### TASK BRIEF:
Count up the lines below where the word "Horse" shows up, and respond with the number alone.

• • • • • • •

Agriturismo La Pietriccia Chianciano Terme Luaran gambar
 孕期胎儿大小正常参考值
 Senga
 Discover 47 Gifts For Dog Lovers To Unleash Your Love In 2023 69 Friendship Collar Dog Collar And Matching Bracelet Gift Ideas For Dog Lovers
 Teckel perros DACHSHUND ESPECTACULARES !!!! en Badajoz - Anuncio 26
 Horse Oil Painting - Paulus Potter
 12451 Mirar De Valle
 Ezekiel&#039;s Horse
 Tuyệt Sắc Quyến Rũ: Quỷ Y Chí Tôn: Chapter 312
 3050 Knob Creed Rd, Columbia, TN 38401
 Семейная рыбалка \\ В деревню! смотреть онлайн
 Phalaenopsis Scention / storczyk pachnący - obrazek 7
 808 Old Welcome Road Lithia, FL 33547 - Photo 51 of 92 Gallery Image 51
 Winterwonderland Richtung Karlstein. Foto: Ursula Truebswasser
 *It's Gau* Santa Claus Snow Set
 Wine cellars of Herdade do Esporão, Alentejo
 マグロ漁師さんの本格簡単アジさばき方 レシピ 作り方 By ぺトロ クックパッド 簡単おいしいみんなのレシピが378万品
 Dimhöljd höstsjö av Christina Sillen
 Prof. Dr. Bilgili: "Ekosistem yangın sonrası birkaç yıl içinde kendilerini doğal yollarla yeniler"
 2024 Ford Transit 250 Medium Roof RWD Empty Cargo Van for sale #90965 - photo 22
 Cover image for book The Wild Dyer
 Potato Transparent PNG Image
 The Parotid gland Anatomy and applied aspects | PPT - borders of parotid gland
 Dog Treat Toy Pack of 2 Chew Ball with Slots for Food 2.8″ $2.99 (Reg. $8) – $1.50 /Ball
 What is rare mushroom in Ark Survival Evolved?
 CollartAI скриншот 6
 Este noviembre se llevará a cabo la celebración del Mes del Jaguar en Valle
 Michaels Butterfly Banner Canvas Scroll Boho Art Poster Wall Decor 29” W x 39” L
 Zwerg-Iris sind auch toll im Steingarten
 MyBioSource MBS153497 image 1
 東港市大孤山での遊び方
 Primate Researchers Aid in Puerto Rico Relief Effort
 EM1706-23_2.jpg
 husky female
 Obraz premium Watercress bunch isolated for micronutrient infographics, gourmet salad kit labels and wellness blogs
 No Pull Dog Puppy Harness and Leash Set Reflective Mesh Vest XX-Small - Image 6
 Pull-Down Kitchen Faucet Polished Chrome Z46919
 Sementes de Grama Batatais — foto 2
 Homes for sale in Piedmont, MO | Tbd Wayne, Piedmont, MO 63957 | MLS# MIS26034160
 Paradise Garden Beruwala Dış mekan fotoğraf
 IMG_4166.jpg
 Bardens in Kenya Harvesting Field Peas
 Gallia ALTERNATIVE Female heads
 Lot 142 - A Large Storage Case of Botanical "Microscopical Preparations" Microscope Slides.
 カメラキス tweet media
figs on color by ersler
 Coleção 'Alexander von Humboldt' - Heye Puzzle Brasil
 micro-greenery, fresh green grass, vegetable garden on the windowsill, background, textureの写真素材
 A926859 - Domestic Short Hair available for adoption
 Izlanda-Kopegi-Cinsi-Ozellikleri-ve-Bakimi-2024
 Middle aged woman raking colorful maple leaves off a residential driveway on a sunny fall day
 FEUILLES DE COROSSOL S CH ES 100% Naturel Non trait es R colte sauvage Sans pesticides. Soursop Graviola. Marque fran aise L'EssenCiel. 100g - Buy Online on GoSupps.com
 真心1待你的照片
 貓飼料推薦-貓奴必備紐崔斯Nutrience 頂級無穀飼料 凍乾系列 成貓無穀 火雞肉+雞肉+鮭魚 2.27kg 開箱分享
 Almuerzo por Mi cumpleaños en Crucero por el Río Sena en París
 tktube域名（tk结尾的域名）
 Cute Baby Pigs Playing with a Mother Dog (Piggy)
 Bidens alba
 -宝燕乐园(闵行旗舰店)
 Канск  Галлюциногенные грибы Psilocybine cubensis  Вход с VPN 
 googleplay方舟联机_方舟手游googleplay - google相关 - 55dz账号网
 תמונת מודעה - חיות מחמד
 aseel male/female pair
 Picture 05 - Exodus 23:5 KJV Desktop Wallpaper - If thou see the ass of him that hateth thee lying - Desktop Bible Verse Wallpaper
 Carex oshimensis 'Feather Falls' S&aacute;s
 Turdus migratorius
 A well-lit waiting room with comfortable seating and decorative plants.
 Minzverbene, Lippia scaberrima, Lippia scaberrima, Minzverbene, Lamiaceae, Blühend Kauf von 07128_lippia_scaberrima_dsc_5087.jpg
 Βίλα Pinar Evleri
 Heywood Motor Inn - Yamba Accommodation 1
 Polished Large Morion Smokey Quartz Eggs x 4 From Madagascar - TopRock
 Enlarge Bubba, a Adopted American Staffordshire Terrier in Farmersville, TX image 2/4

• • • • • • •

### COMPLETED EXERCISE:
2